A partire dal 1984, anno in cui era stata osservata nelle acque di fronte a Monaco, l’alga ha iniziato a riprodursi e si è iniziata pian piano a esplodere un po’ ovunque nel Mediterraneo, in Italia soprattutto in Sardegna. «C’era stata una grande preoccupazione – spiega Ponti -, si temeva che potesse stravolgere l’ecosistema marino; ma, dopo qualche anno, si è visto che in alcune parti si è insediata, ma poi è regredita».

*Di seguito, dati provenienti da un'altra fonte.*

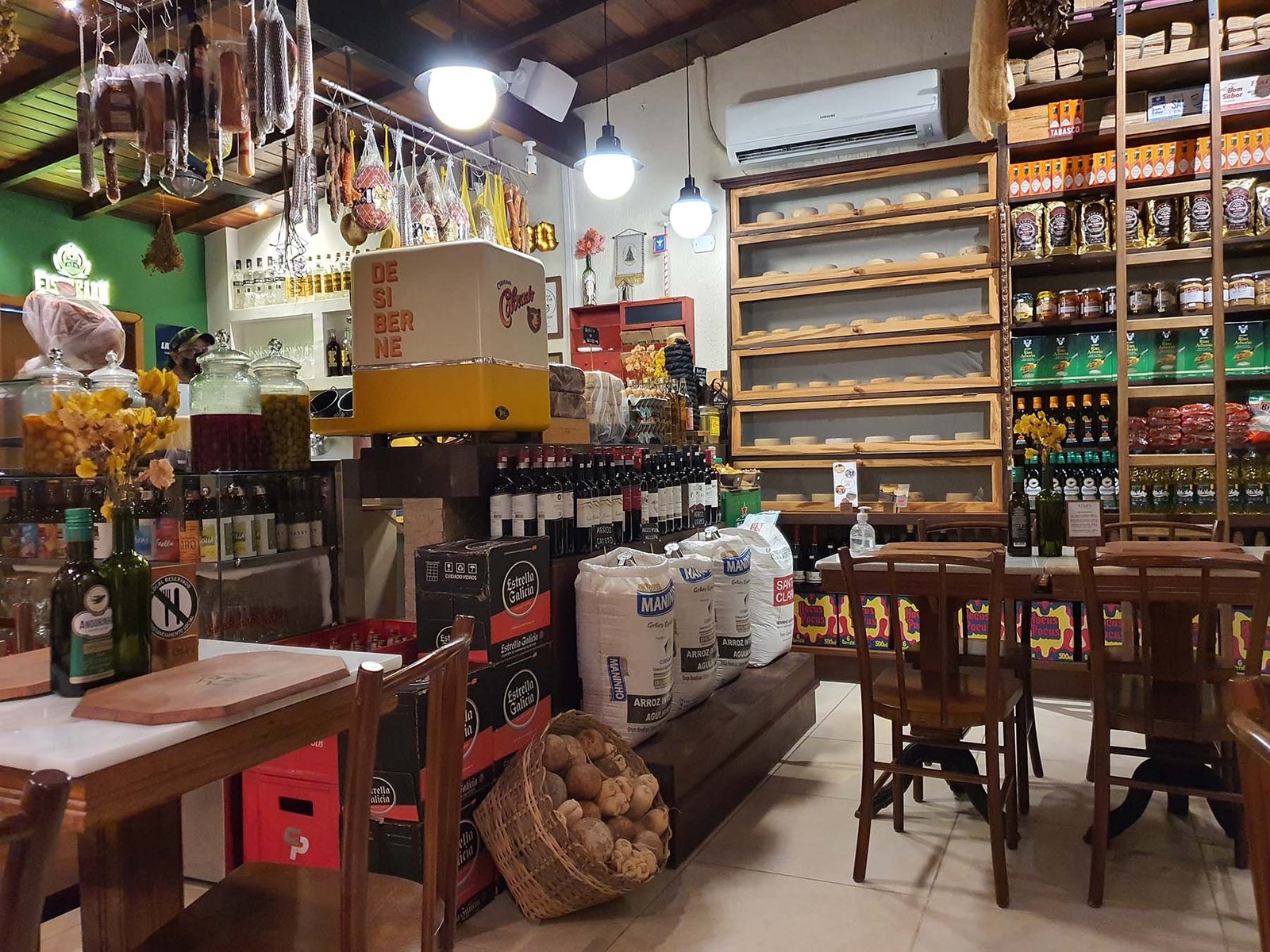 Onde comer em Paraty : restaurante Celeiro Armazém Tropical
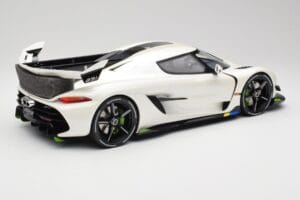 Koenigsegg Jesko Attack Crystal White Pearl GT Spirit 1:12 GT501 Resina - imagem 2 de 6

Un esempio simile si è verificato pochi anni fa proprio nell’Adriatico, quando c’era stata l’esplosione di uno Ctenoforo (Mnemiopsis leidyi), simile a una medusa, chiamato anche “noce di mare”. È un organismo gelatinoso che mangia larve e uova di pesci; viene dall’Atlantico ed è tristemente famoso perché nel Mar Nero ha distrutto l’economia della pesca, mangiando interi banchi di pesci.
«Quando l’abbiamo visto arrivare – racconta il Prof. Ponti -, era abbondantissimo ovunque e sia pescatori sia scienziati si sono molto preoccupati. In realtà, l’anno successivo ce n’erano molti meno e poi ancora meno; insomma, i pescatori hanno continuato a pescare».